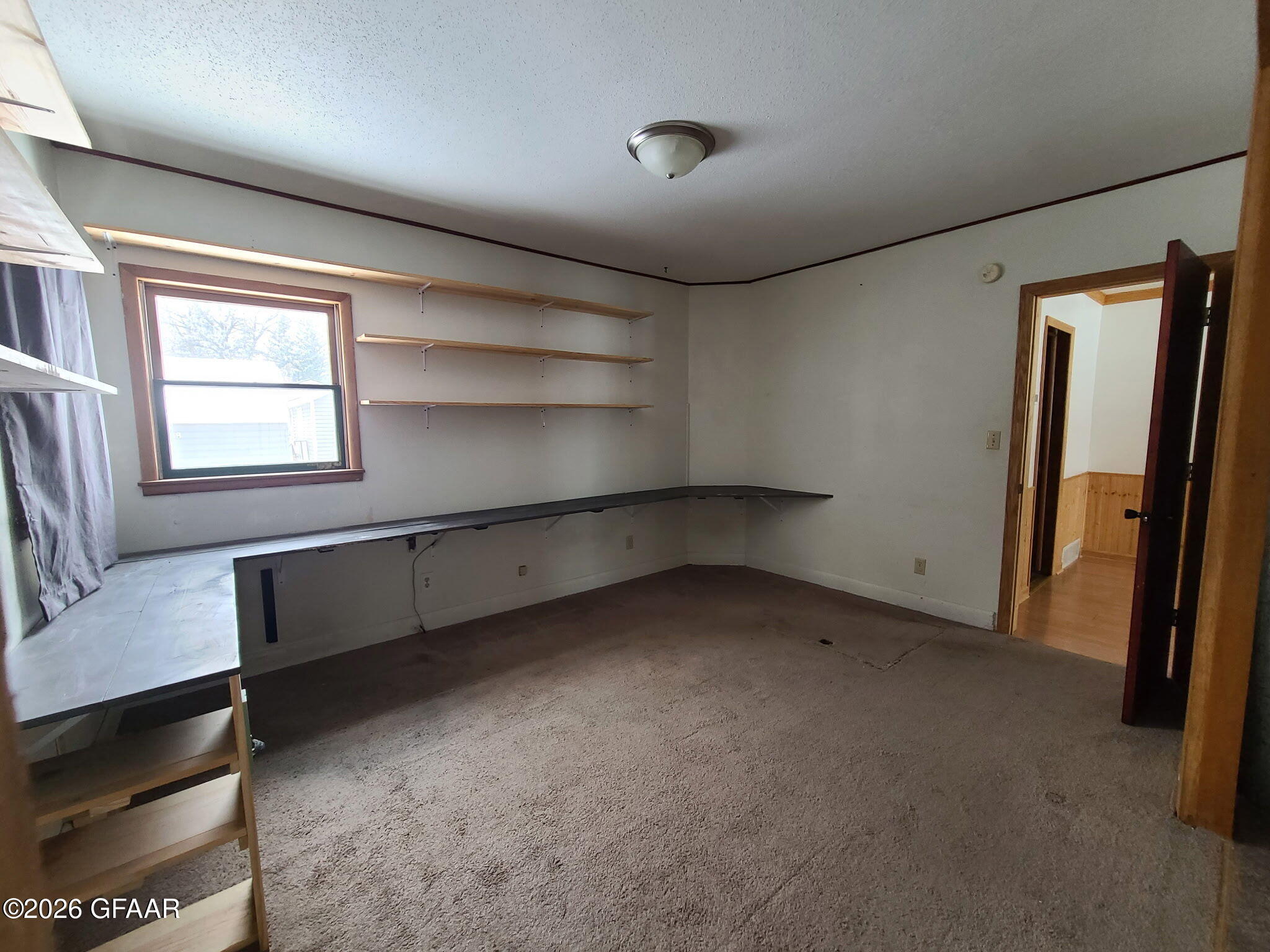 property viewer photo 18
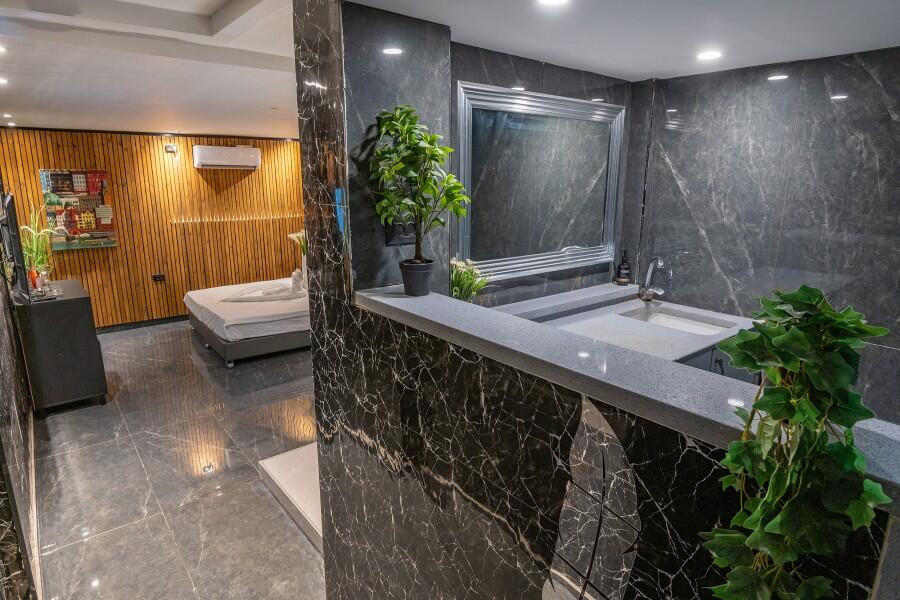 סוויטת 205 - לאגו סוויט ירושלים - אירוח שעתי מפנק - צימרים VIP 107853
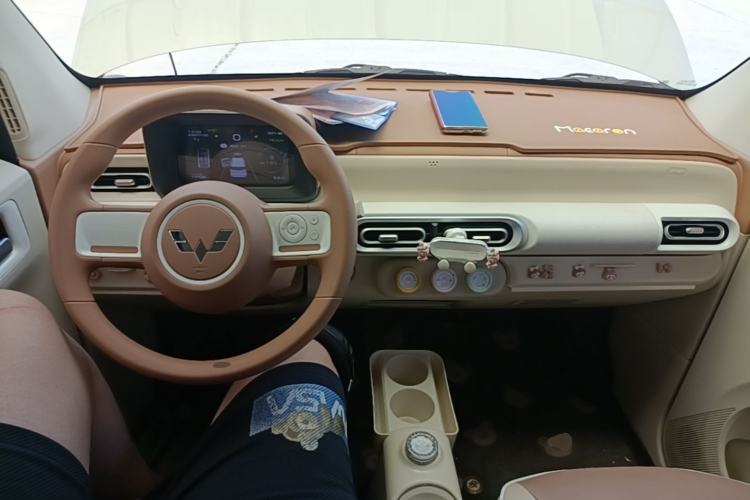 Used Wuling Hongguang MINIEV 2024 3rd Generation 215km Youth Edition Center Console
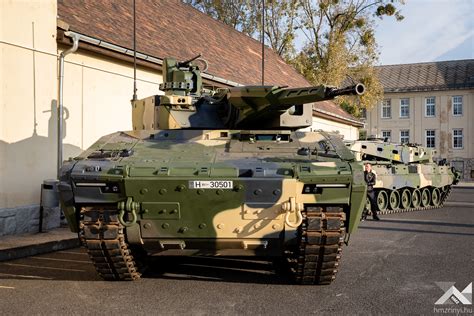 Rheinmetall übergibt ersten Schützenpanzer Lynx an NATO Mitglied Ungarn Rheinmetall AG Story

What is needed
Each line of the material goes into your copy unchanged, but no picture does.

Answer to the exercise
 property viewer photo 18
 סוויטת 205 - לאגו סוויט ירושלים - אירוח שעתי מפנק - צימרים VIP 107853
 Used Wuling Hongguang MINIEV 2024 3rd Generation 215km Youth Edition Center Console
 Rheinmetall übergibt ersten Schützenpanzer Lynx an NATO Mitglied Ungarn Rheinmetall AG Story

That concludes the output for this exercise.